Cronin argued that UCLA’s placement in the bracket was “a direct result of” hurt feelings over the Bruins’ upcoming move to the Big Ten. He seemed to hint that the presence of Arizona athletic director Dave Heeke on the selection committee may have been a factor.
“When we left the Pac-12, it cost a lot of people millions of dollars,” Cronin said. “There was going to be a fallout.”
Those comments provide a compelling backdrop for UCLA’s upcoming matchup with Arizona on Saturday night in Westwood and potentially a week later in the Pac-12 championship game. The outcome of those game(s) could determine which team gets to stay in the travel-friendly West Region and potentially play its regional games in Las Vegas, where either fan base would likely overrun T-Mobile Arena.
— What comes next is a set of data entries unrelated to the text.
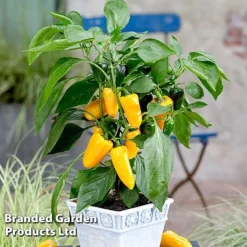 Vegetable Windowsill Collection -Fresh Sprout PEPP PILLARYEL S60746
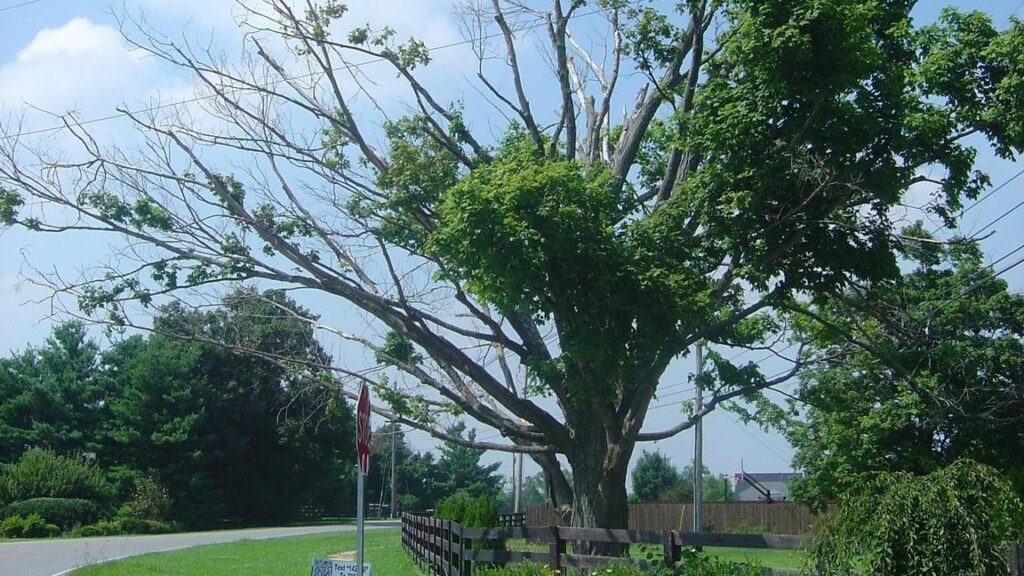 Hazardous tree removal Lancaster PA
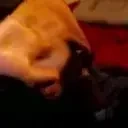 arvidHiii emote for Discord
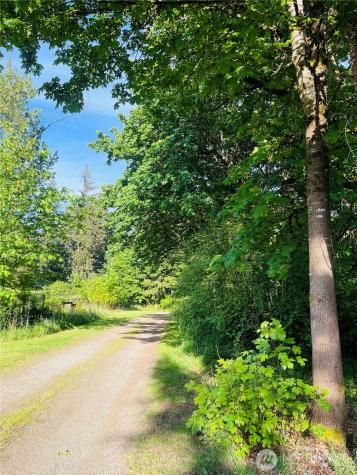 8806 356th Street S Mckenna WA 98558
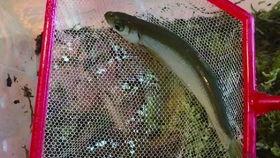 辛安小蛇吃瓜视频大全集,揭秘娱乐圈幕后故事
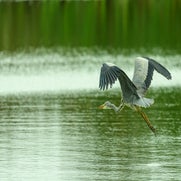 Blauwe reiger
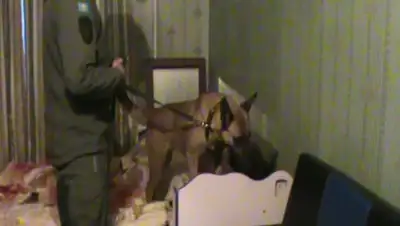 пресс-служба ДП Алматы, фото - Новости Zakon.kz от 14.03.2019 11:52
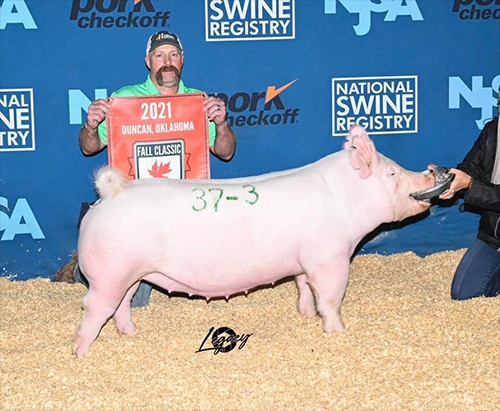 Crossroads Winners Crossroads Winners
Since the Feb. 18 bracket reveal, UCLA has improved its position. The Bruins claimed the outright Pac-12 title this past weekend when they completed a sweep of Utah and Colorado and Arizona dropped a home game at the buzzer to rival Arizona State.
Can anyone catch Purdue’s Zach Edey for National Player of the Year?
One-word answer: No.
In what was billed as college basketball’s year of the big man entering the season, Edey has flourished as many others have plateaued or faltered. The 7-foot-4 junior has been the catalyst for Purdue’s ascent to the top of the Big Ten, showcasing soft hands and good touch at the rim at one end while altering shots and inhaling defensive rebounds at the other. Edey is among the nation’s top five scorers and rebounders and is just outside the top 10 in blocks.
The closest challenger to Edey? For awhile it might have been Kansas’ Jalen Wilson. More recently, Indiana’s Trayce Jackson-Davis has emerged. Those two may join Edey as first-team All-Americans, but they’re unlikely to overtake him in the Naismith Award pecking order.